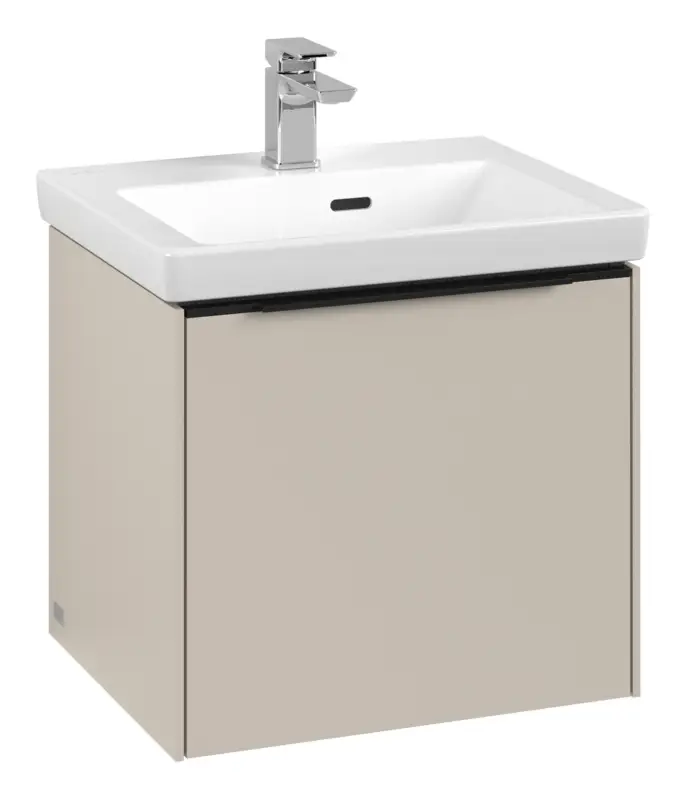 Villeroy & Boch Subway 3.0 Waschbeckenunterschrank für Becken mittig 1 Auszug mit Beleuchtung (2x LED) 473 x 429 x 392 mm - Cashmere Grey / Volcano Black Schneller Versand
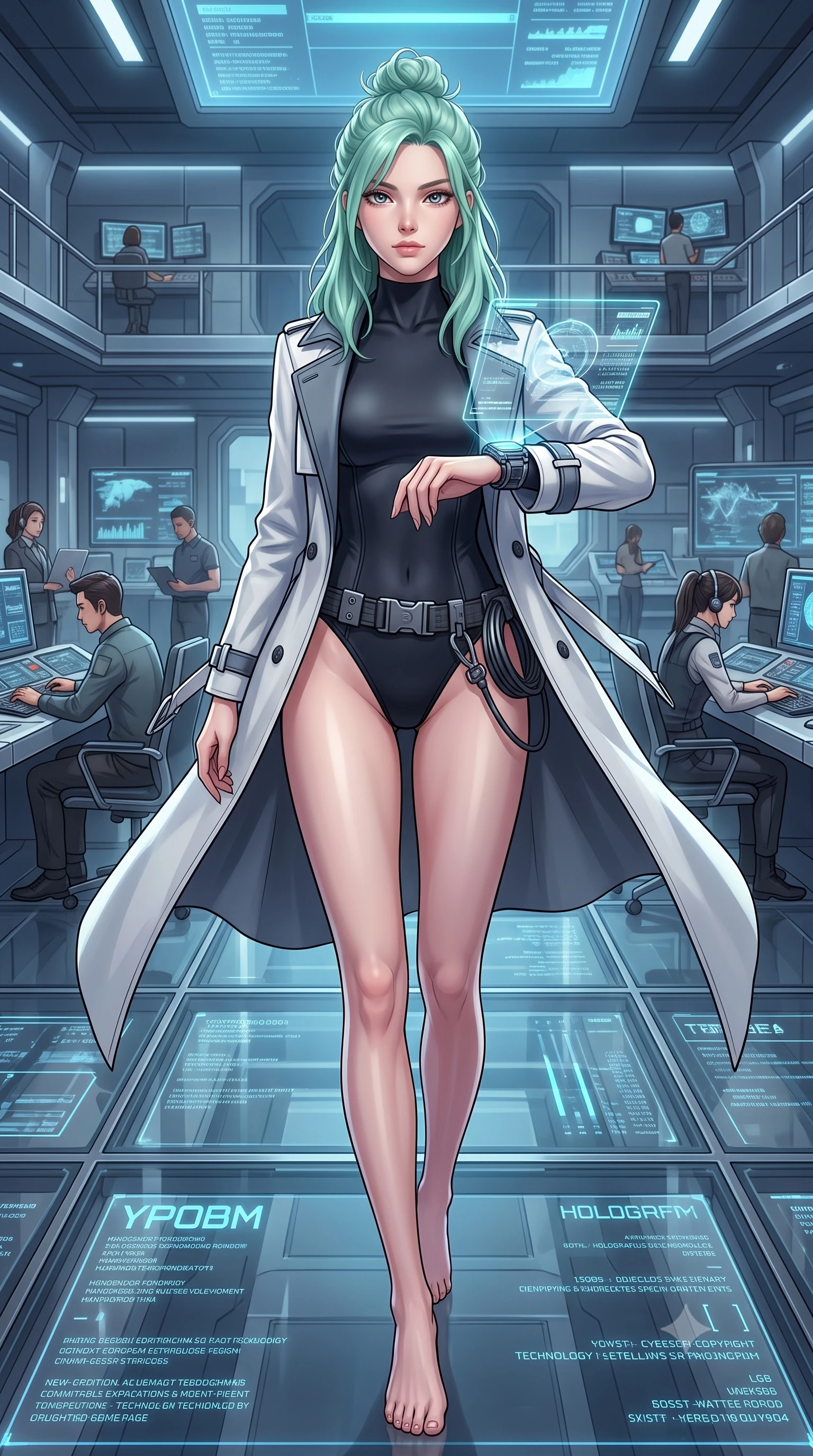 score_9, masterpiece, best quality, ultra-detailed, high-budget anime keyframe, semi-realistic 3D game render, editorial fashion photography, tasteful artistic composition, Japanese woman. low angle full-body shot from head to toe showing her feet, filling the entire 9:16 vertical frame with her statuesque presence, stretching her vertical silhouette. stepping forward gracefully in mid-motion, displaying her toned flat midriff and flawlessly sculpted slender limbs while arching her spine in a fluid stretch while reviewing encrypted satellite telemetry data with a calm, intellectual expression. The surrounding environment is rendered in vivid detail and crisp panoramic clarity. crystal-clear transparent glass floor panels, glowing holographic typography, and chrome furniture joints in deep focus. She has an absolutely perfect, statuesque 8.5-heads proportion, an exceptionally tall and slender model-like female figure with impossibly long slender legs, a toned flat midriff, and an ultra-slim waist. sharp v-shaped jawline, high-bridge nose, intricate jewel-like eyes with depth, thick eyelashes, glossy lips with a natural sheen, captivating and magnetic expression, flawlessly proportioned anatomical accuracy, strict slender model proportions, natural body alignment, perfectly sculpted long slender limbs, ultra-slim waistline, clean dynamic posture without body distortion. wearing a matte-black aerodynamic stealth leotard worn under an open tailored double-breasted spy trench in winter stealth arctic white and slate grey, crafted from matte cybernetic vinyl with concealed magnetic locks, equipped with a grappling cable spool mechanism and tactical waist belt, the liquid-tight tailored fabric emphasizing every curve of her tall, slender model proportions and sculptured silhouette during dynamic movement. surrounded by a mastermind, elite, and dangerously seductive intelligence director aura. highly saturated vibrant anime colors, detailed shading with soft gradients, rich glossy textures, high-contrast stereoscopic depth, volumetric dynamic lighting, master piece, 9:16 ratio
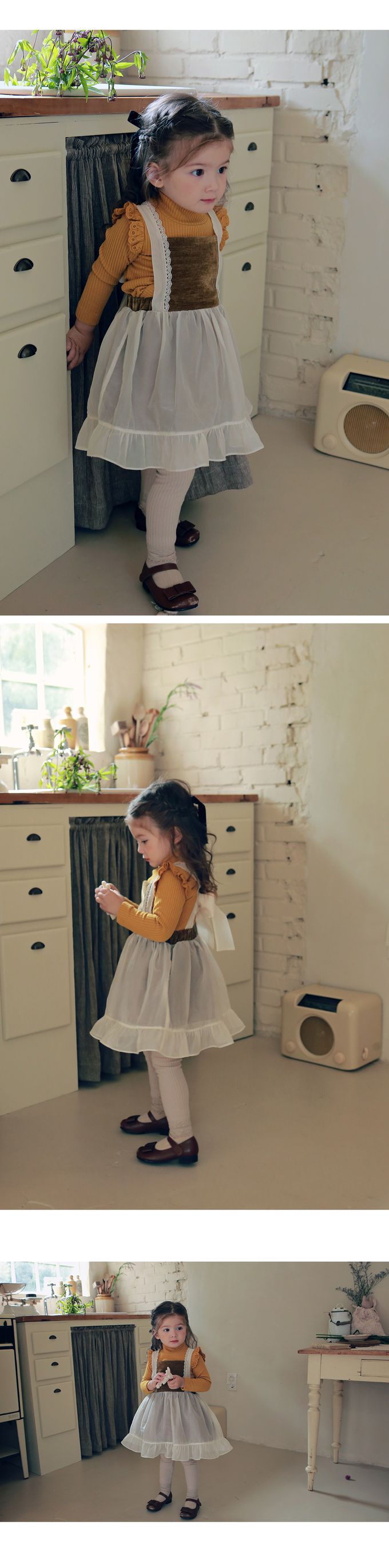 韓國 Puellaflo - 蕾絲布翅膀點綴彈性上衣-芥末黃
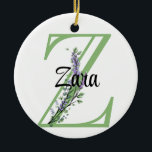 Ornamento De Cerâmica Alphabet letter Z, botânica da Lavanda de aquarela<br><div class="desc">Uma design romântica e elegante com letra alfabética monográfica "Z", enquadrada por eucalipto e lavanda e libélula pintada em aquarelas. Para começar a alterar o nome, clique em "Personalizar este modelo" e edite o texto nas caixas modelo. Para acessar as ferramentas de edição mais avançadas, role para baixo até "Clique...</div>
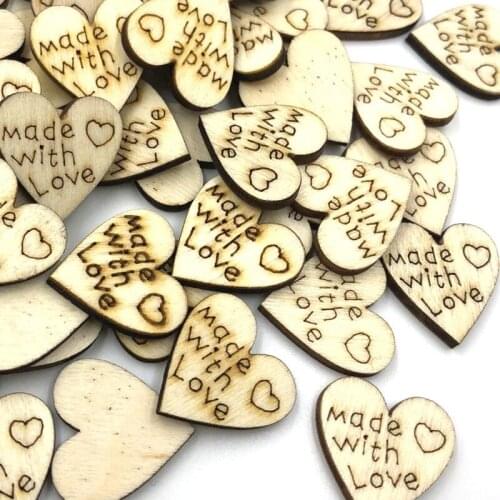 50pcs Wooden Heart Sewing Buttons Scrapbooking Decorations 2-Holes WB447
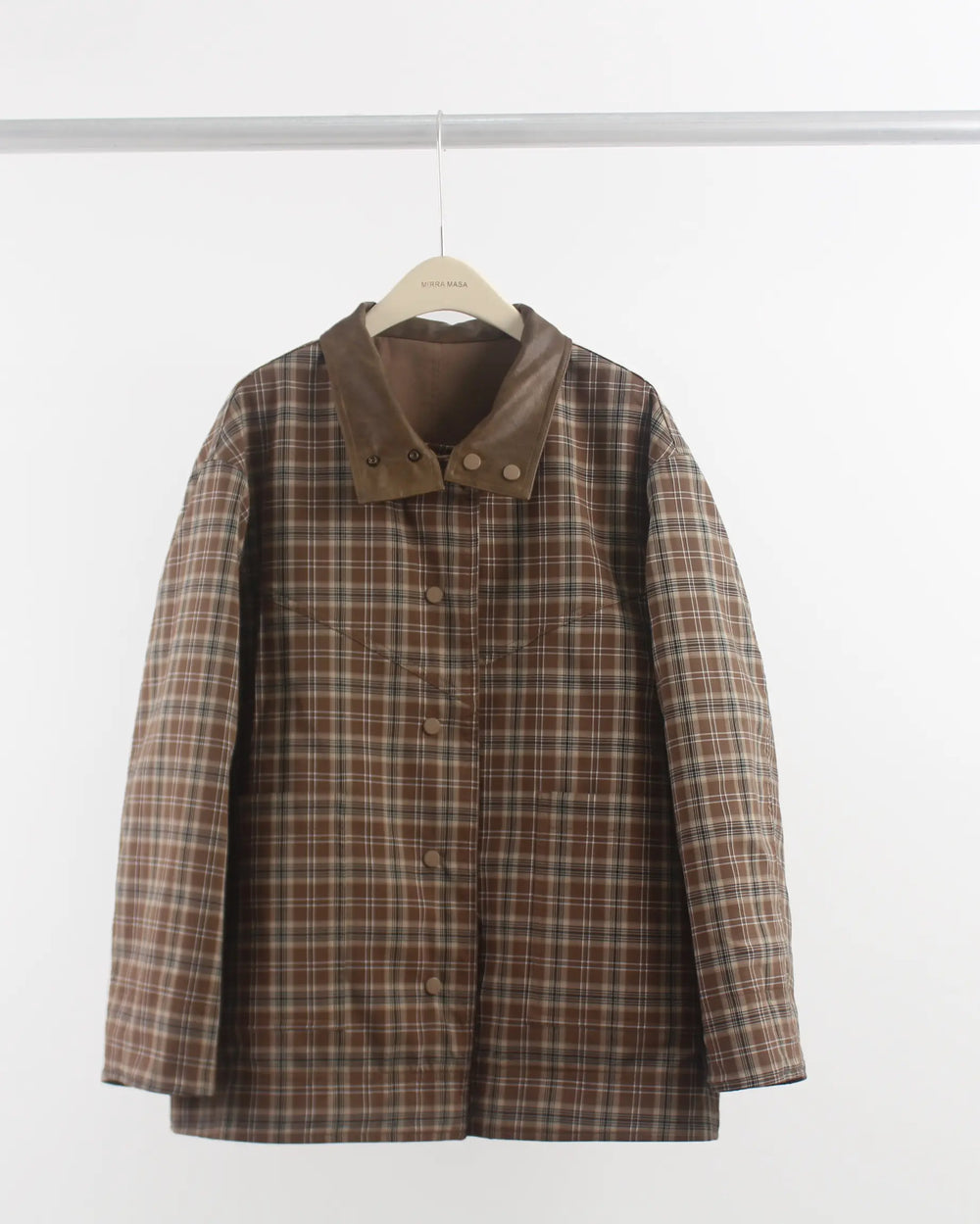 An image of a   3024Q Reversible Plaid-Accented Jacket by  Mirra Masa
= = = = = = =
§ Problem statement
The lines from the one holding "50pcs Wooden Heart" through the end of the material above are to be echoed exactly, both ends included. Do not include pictures.

§ Response to this exercise
 50pcs Wooden Heart Sewing Buttons Scrapbooking Decorations 2-Holes WB447
 An image of a   3024Q Reversible Plaid-Accented Jacket by  Mirra Masa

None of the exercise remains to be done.